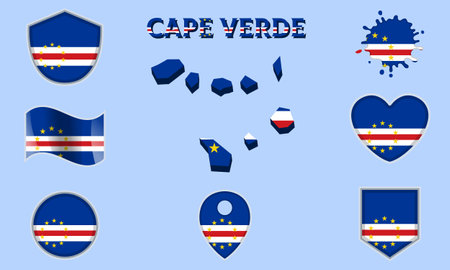 Collection of flags and coats of arms of Cape Verde in flat style with map and text.のイラスト素材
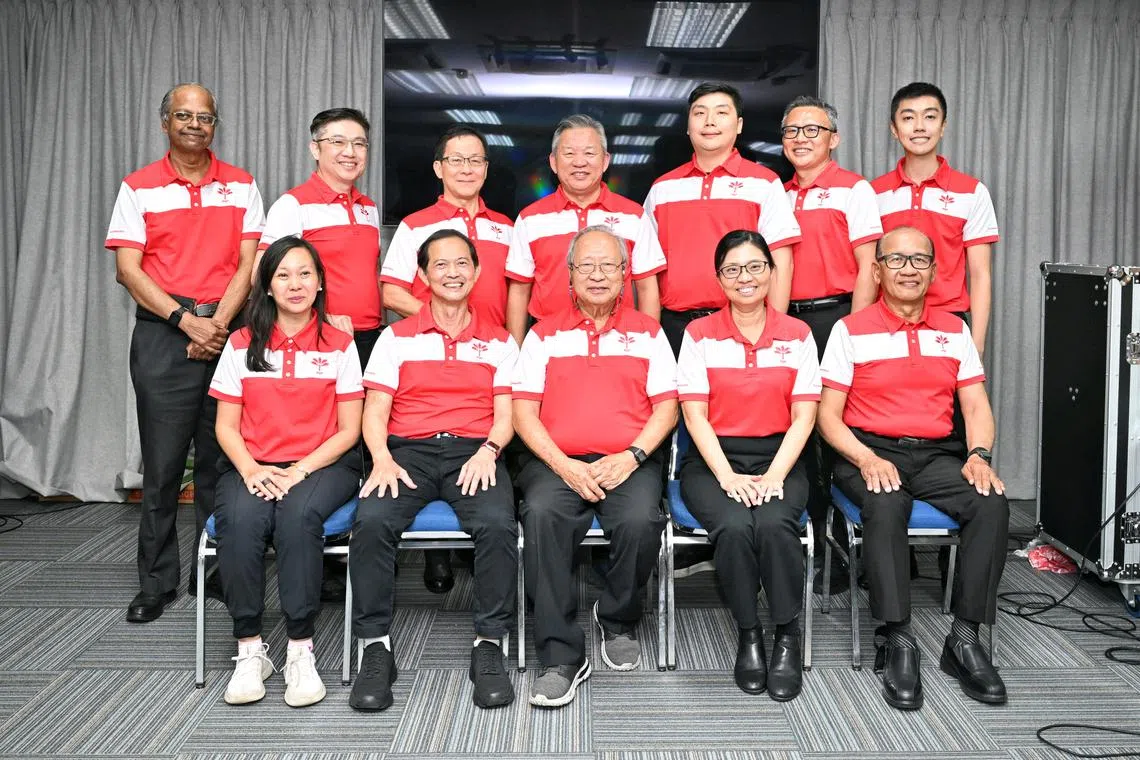 The newly elected members of the Progress Singapore Party’s central executive committee: (front row, from left) Ms Wendy Low, Mr Leong Mun Wai, Dr Tan Cheng Bock, Ms Hazel Poa and Mr A’bas Kasmani; (back row, from left) Mr S. Nallakaruppan, Mr Jonathan Tee, Mr Joseph Wong, Mr Phang Yew Huat, Mr Soh Zheng Long, Mr Anthony Neo and Mr Samuel Lim.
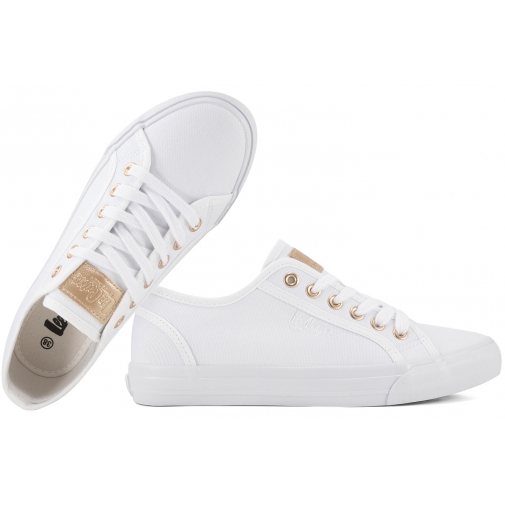 LEE COOPER LCW-25-02-3335L PÓŁTRAMPKI DAMSKIE TENISÓWKI TEKSTYLNE TRAMPKI białe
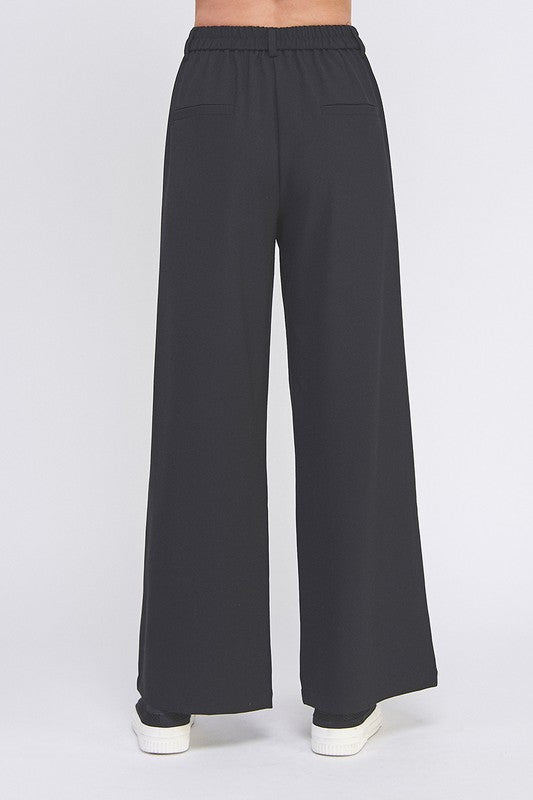 Showing Up Wide Leg Dress Pants Black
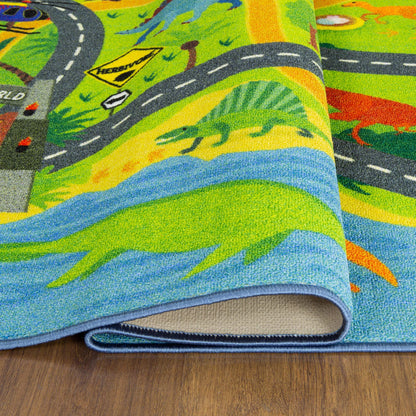 KC Cubs: Educational Rug: Dinosaur World Safari Road Map - 8x10' Playmat - Interactive Play, Activity Area Carpet, Bedroom-Classroom, Baby-Toddler-Kid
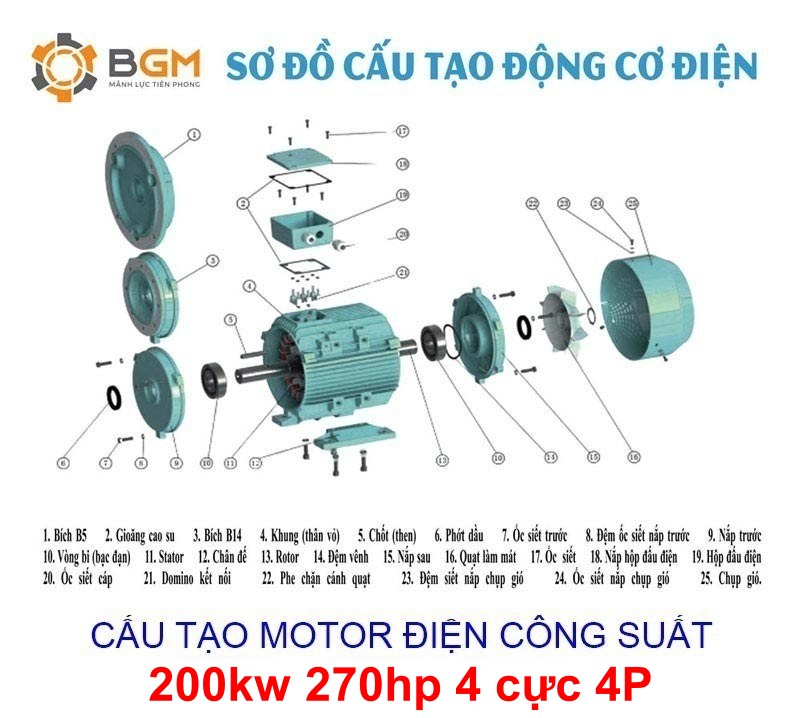 sơ đồ cấu tạo chi tiết của Motor điện 200KW - 270HP 4Cực (4P)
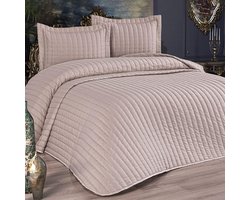 Katoenen spreienset, tweepersoonsbed 250 x 260 cm, kussensloop 55 x 75 cm x 2, slaapbankdeken gewatteerd, deken het hele jaar door (cappucino)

● ● ● ● ●

Would you write out the data exactly, with no pictures in the copy?

TASK ANSWER >>
 Collection of flags and coats of arms of Cape Verde in flat style with map and text.のイラスト素材
 The newly elected members of the Progress Singapore Party’s central executive committee: (front row, from left) Ms Wendy Low, Mr Leong Mun Wai, Dr Tan Cheng Bock, Ms Hazel Poa and Mr A’bas Kasmani; (back row, from left) Mr S. Nallakaruppan, Mr Jonathan Tee, Mr Joseph Wong, Mr Phang Yew Huat, Mr Soh Zheng Long, Mr Anthony Neo and Mr Samuel Lim.
 LEE COOPER LCW-25-02-3335L PÓŁTRAMPKI DAMSKIE TENISÓWKI TEKSTYLNE TRAMPKI białe
 Showing Up Wide Leg Dress Pants Black
 KC Cubs: Educational Rug: Dinosaur World Safari Road Map - 8x10' Playmat - Interactive Play, Activity Area Carpet, Bedroom-Classroom, Baby-Toddler-Kid
 sơ đồ cấu tạo chi tiết của Motor điện 200KW - 270HP 4Cực (4P)
 Katoenen spreienset, tweepersoonsbed 250 x 260 cm, kussensloop 55 x 75 cm x 2, slaapbankdeken gewatteerd, deken het hele jaar door (cappucino)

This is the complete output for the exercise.